Samples of 0.2 ml were fixed in an equal volume of 1.5% glutaraldehyde and 1.5% formaldehyde (made from freshly depolymerized paraformaldehyde) in 0.15 M Hepes buffer, pelleted by centrifugation with a 5417/R centrifuge (Eppendorf, Hamburg, Germany) at 10,600 g for 10 min, postfixed in 1% OsO4 in 0.1 M sodium cacodylate, bloc-stained in half-saturated aqueous uranyl acetate over night, dehydrated in an ascending series of acetone and embedded in araldite [see ].
Ultrathin sections from 2–3 samples per group were counterstained with lead citrate and analyzed qualitatively and quantitatively at an EM 900 transmission electron microscope (Leo, Oberkochen, Germany) at an accelerating voltage of 50 kV.

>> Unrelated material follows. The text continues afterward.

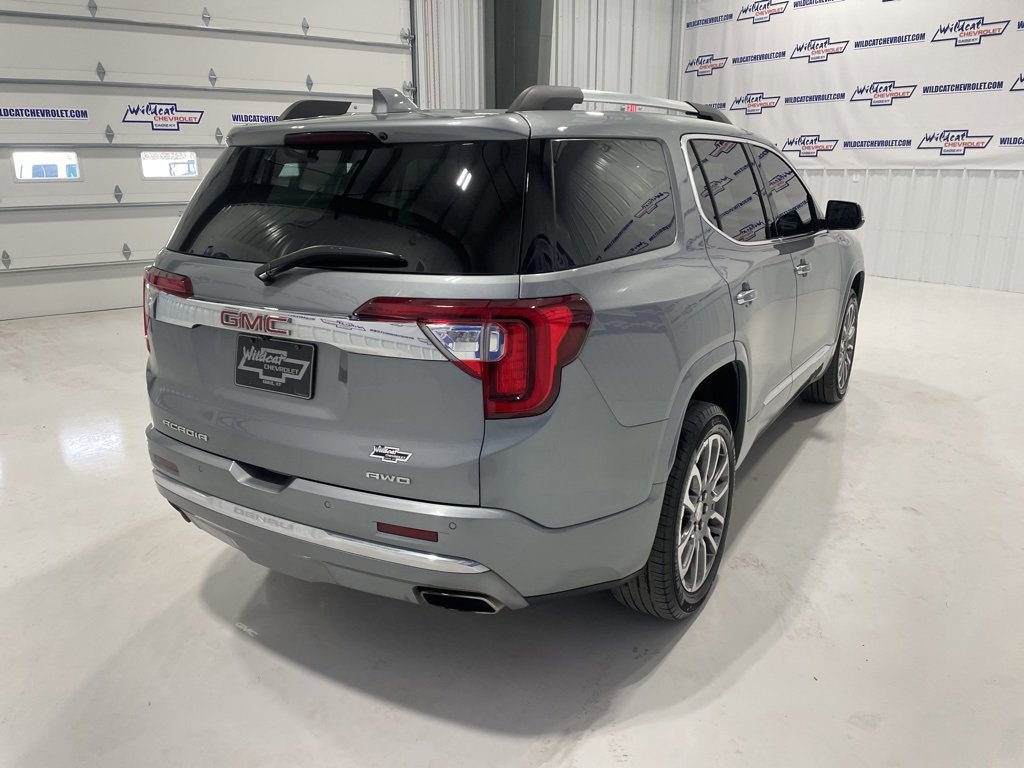 Used 2023 GMC Acadia Denali image 8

Volume fractions of surfactant subtypes [lamellar body-like forms (LBL), multilamellar vesicles (MV), unilamellar vesicles (UV)] were determined stereologically by point counting in systematic uniform random test fields distributed over the whole section. Between 100 and 200 counting events per ultrathin section were generated to ensure that the total observed variability was dominated by the biological variability among samples and not by the variability among stereological measurements within one sample .
Surface tension measurements
Surface tension was determined in vitro using a pulsating bubble surfactometer (Electronetics corporation, Buffalo, New York). In short, a small volume of fluid was transferred into a sample chamber and an air bubble was created. During a 30 sec adsorption period, the surface active material forms a film at the air-liquid interface. Pulsation is started at a frequency of 20 cycles/min by which the bubble undergoes cyclic area compression (50 % of the surface area). Surface tension at minimum bubble size (γmin) after 5 min of pulsation at a temperature of 37°C is calculated by a computer program from the preset bubble radius and the recorded pressure across the bubble wall making use of the law of Laplace .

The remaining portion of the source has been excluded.